You are hearing the 60 cycle buzz of the e unit.

There is a way to fix it. Convert your layout to DC. I did it with my 1033 transformers.

It is beyond the scope of the forum, I believe, to instruct you how to do it. You can also convert the loco to DC. Both techniques require a bridge rectifier.

One advantage is accessories which use a solenoid, will be quiet. However, accessories using the coil and drive washer, like the rotating beacon, won't work.

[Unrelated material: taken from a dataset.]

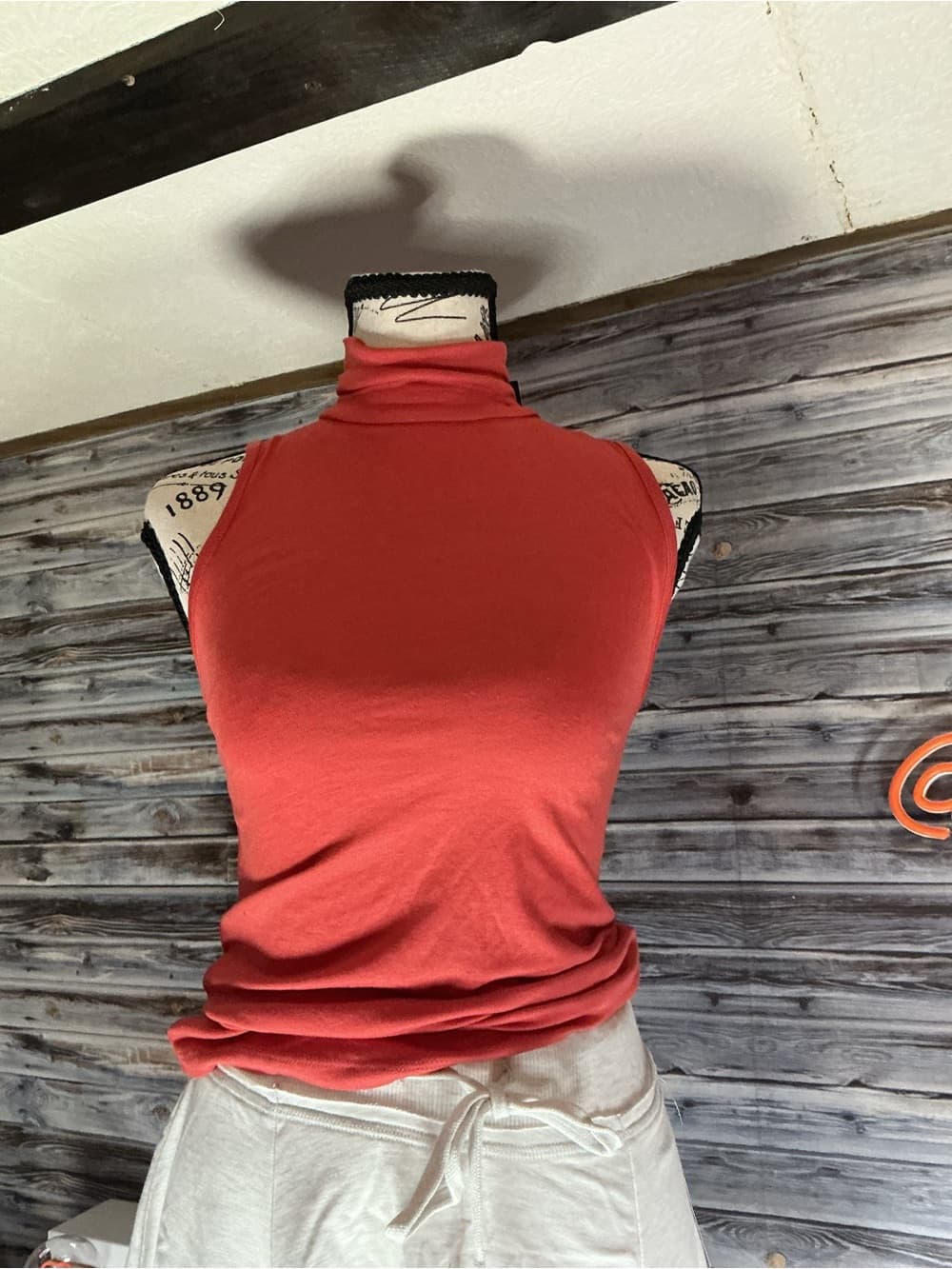 ⭐ Red Sleeveless Turtleneck Top Fitted Stretch Layering Basic NWT - Thumbnail 2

All of my knowlege comes from trial and error and a gent who sold me rectifiers at an inflated price. I suggest you buddy up with an EE.


----------



## dangerwildmike (Oct 28, 2013)

So trains don't run in DC as it is? Excuse my ignorance, I am trying to get into the wiring and repair aspect of the hobby.


----------



## servoguy (Jul 10, 2010)

You can install a bridge rectifier inside the loco to convert the 60 Hz AC from the track to DC. You will also need to add a capacitor to smooth out the full wave rectified DC from the bridge. Then, you will also need to drop the DC voltage to a lower lever so you don't cook the coil in the E unit. If you don't know about RMS AC and rectified DC, you might need to educate youself before you do this project.


----------



## Big Ed (Jun 16, 2009)

servoguy said:


> You can install a bridge rectifier inside the loco to convert the 60 Hz AC from the track to DC. You will also need to add a capacitor to smooth out the full wave rectified DC from the bridge. Then, you will also need to drop the DC voltage to a lower lever so you don't cook the coil in the E unit. If you don't know about RMS AC and rectified DC, you might need to educate youself before you do this project.

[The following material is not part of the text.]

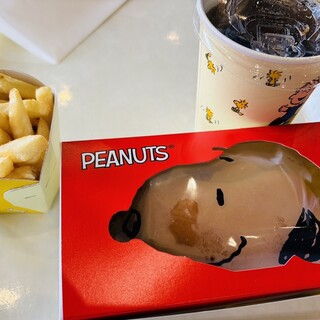 スヌーピー・バックロット・カフェ_0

Would an electronic e unit work?


----------



## BigAl56 (Dec 14, 2011)

The buzz sound has been around over 75 years since the introduction of the e-unit. It's part of the charm of operating PW Lionel trains.

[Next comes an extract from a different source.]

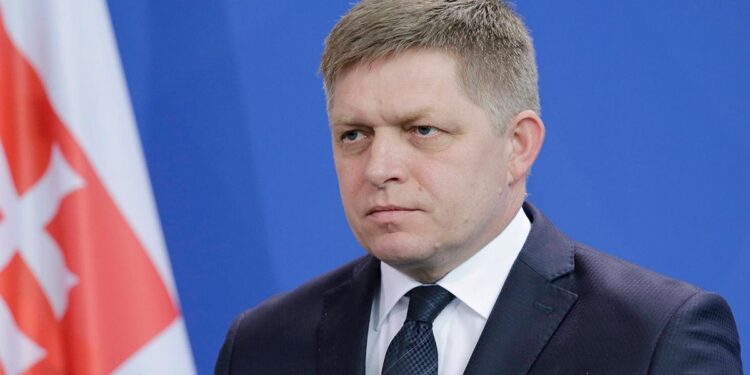 Словацкого премьера выписали из больницы, он продолжает реабилитацию дома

You can eliminate it with a bridge rectifier or replacing the mechanical e-unit with an electronic one. You can buy a Williams 44-toner for not too much these days. They are excellent copies of the Lionel PW design and use all electronic controls so no buzz.


----------



## dangerwildmike (Oct 28, 2013)

So is that the only way to stop a buzzing E-unit? I'd rather keep it A/C, I just want to stop the noise or quiet it down a lot


----------



## gunrunnerjohn (Nov 10, 2010)

You can use an AC compatible electronic reverse unit, it won't make any sounds at all. A Dallee Model 400 ($44.95) board will control the AC motor and it's be quiet as a church-mouse.


----------



## dangerwildmike (Oct 28, 2013)

I'm starting to think if I am going to buy just the board I may as well buy a new 44 ton'er for 100 bucks that comes with the board, headlight, and horn. Hmmmmmm, debates man.


----------



## BigAl56 (Dec 14, 2011)

44-toners equipped with electronic horn and bell for $75 and up at Trainworld. http://www.trainworldonline.com/catalog/williams/diesel-engines/44-tonner/


----------



## gunrunnerjohn (Nov 10, 2010)

That seems to be the way to go.


----------



## Big Ed (Jun 16, 2009)

How much do you want for the Lehigh Valley?

What kind of shape is it in?
Is it the #625 or #627?


----------